RECORD EXCERPTS:
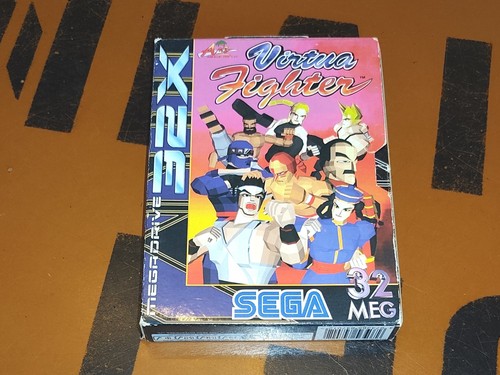 Sega mega drive 32x - ##,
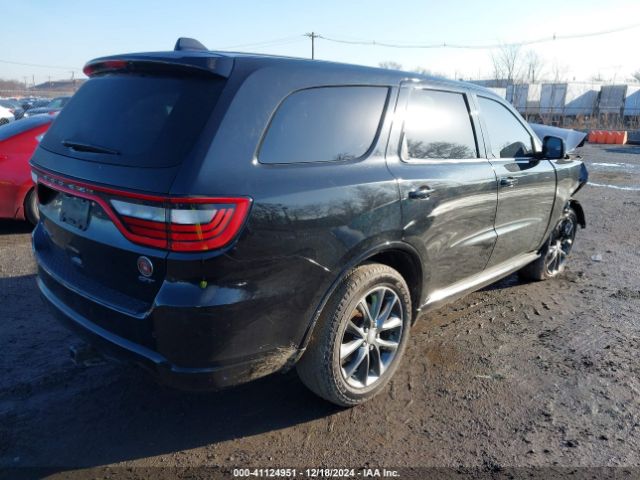 1C4RDJDG9HC870638 Dodge Durango Gt Awd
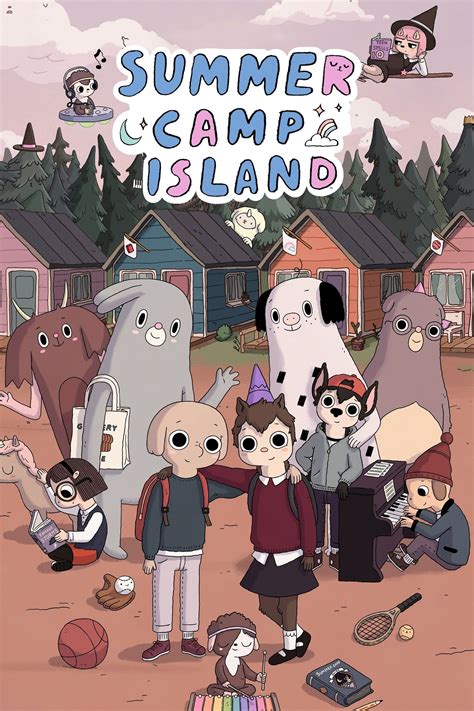 Summer Camp Island Where To Watch And Stream Online Entertainment Ie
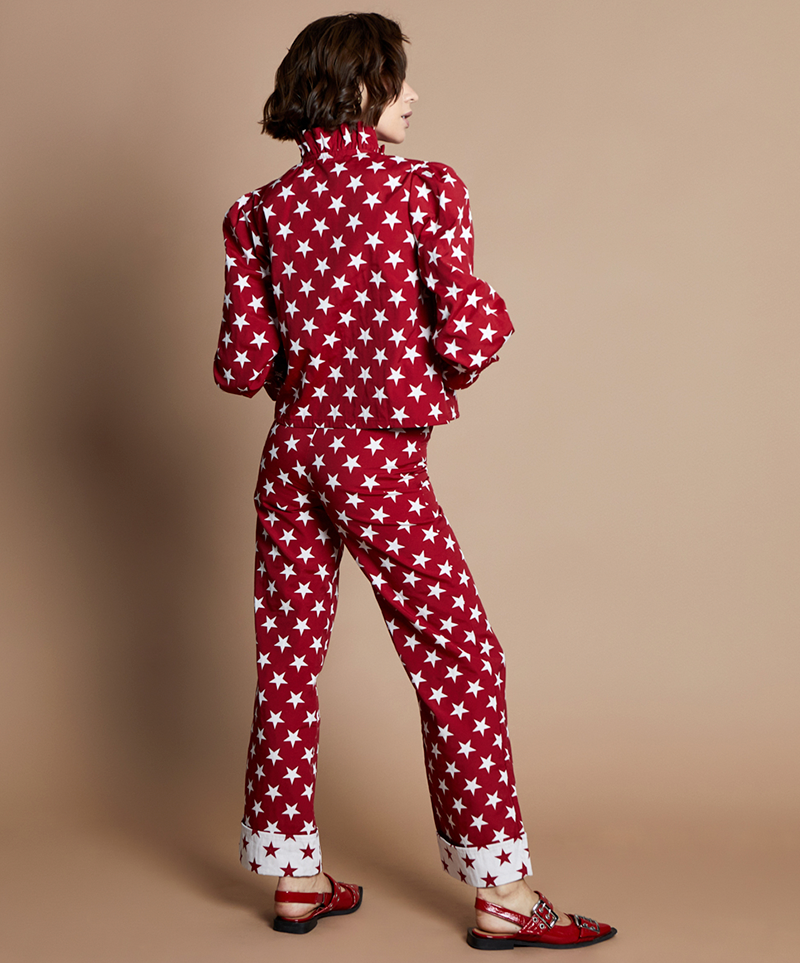 PANTALÓN ETOILE ROJO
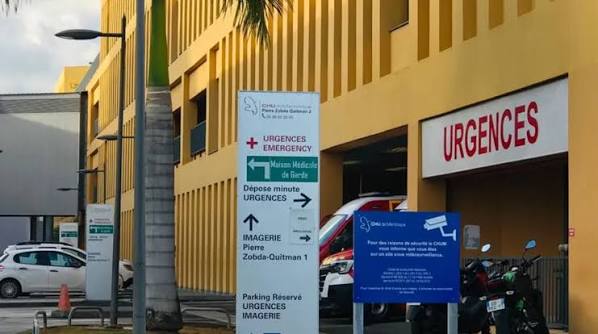 🟡 Martinique : face à la pénurie de médecins, l'hôpital déclenche un plan d 'urgence pour assurer la continuité des soins ➡️ Les services d'urgences  figurent parmi les plus touchés par le manque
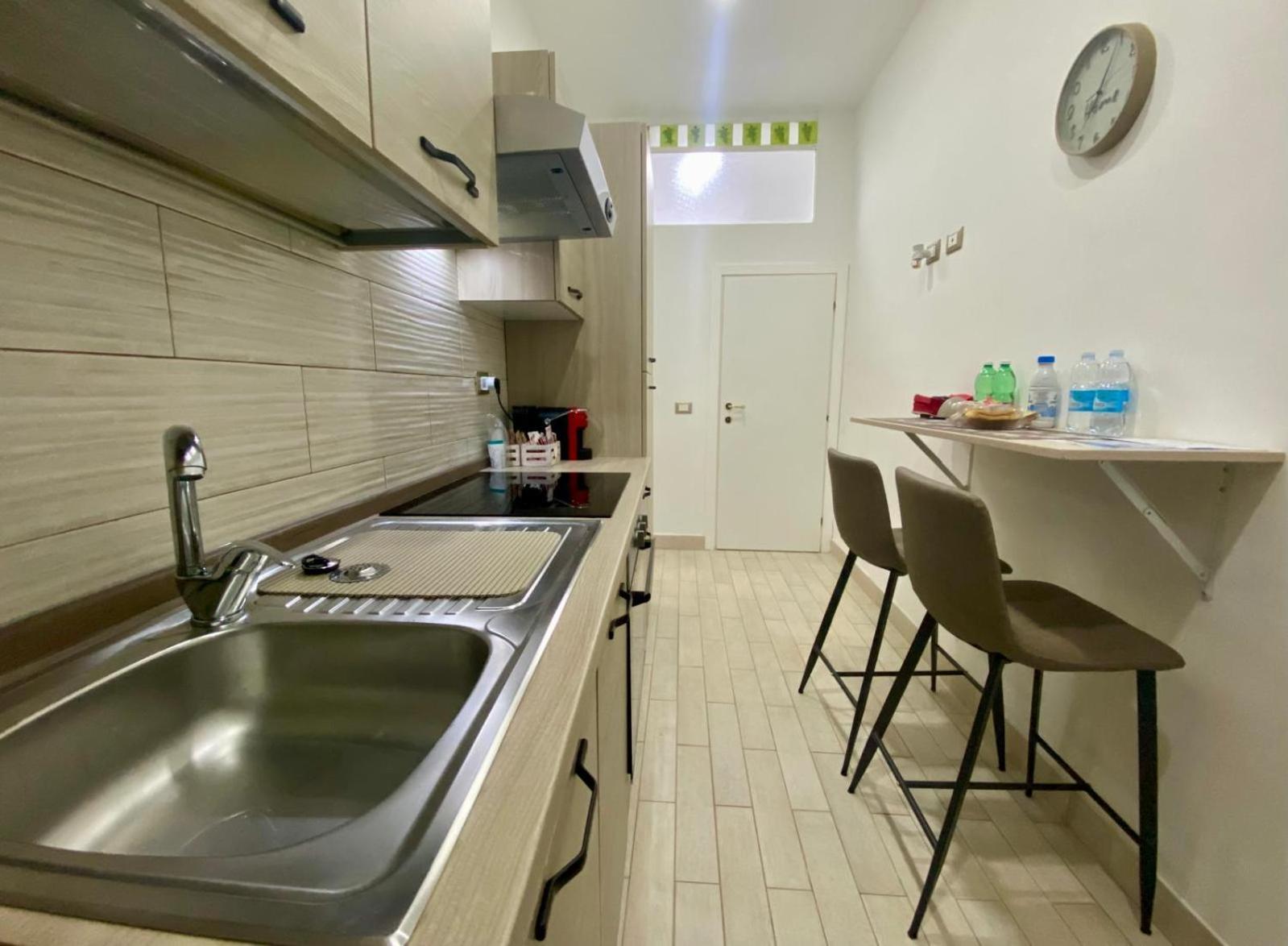Petit Bijou Apartment Civitavecchia Bagian luar foto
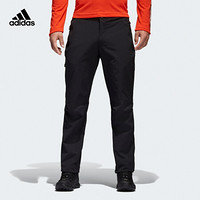 阿迪达斯官网 adidas AllSeason Pants男装户外运动长裤BS2459 黑色 A/M(175/80A)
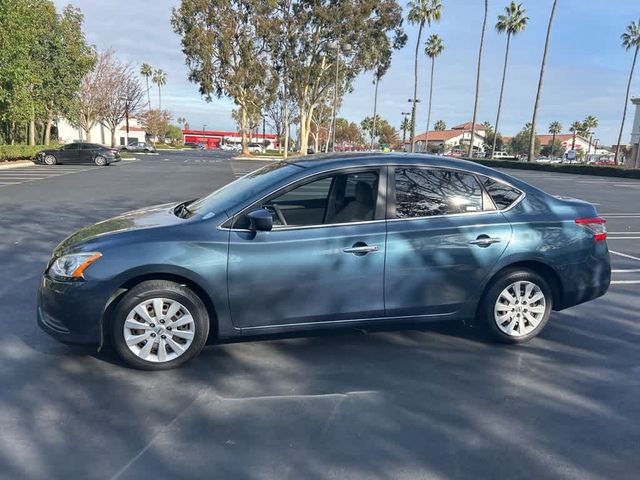 2014 Nissan Sentra SV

WHAT YOU WILL DO:
Transcription of the lines from the one with "PANTALÓN ETOILE ROJO" through the end of the entries is required, exact and with no pictures.

PROBLEM SOLUTION:
 PANTALÓN ETOILE ROJO
 🟡 Martinique : face à la pénurie de médecins, l'hôpital déclenche un plan d 'urgence pour assurer la continuité des soins ➡️ Les services d'urgences  figurent parmi les plus touchés par le manque
Petit Bijou Apartment Civitavecchia Bagian luar foto
 阿迪达斯官网 adidas AllSeason Pants男装户外运动长裤BS2459 黑色 A/M(175/80A)
 2014 Nissan Sentra SV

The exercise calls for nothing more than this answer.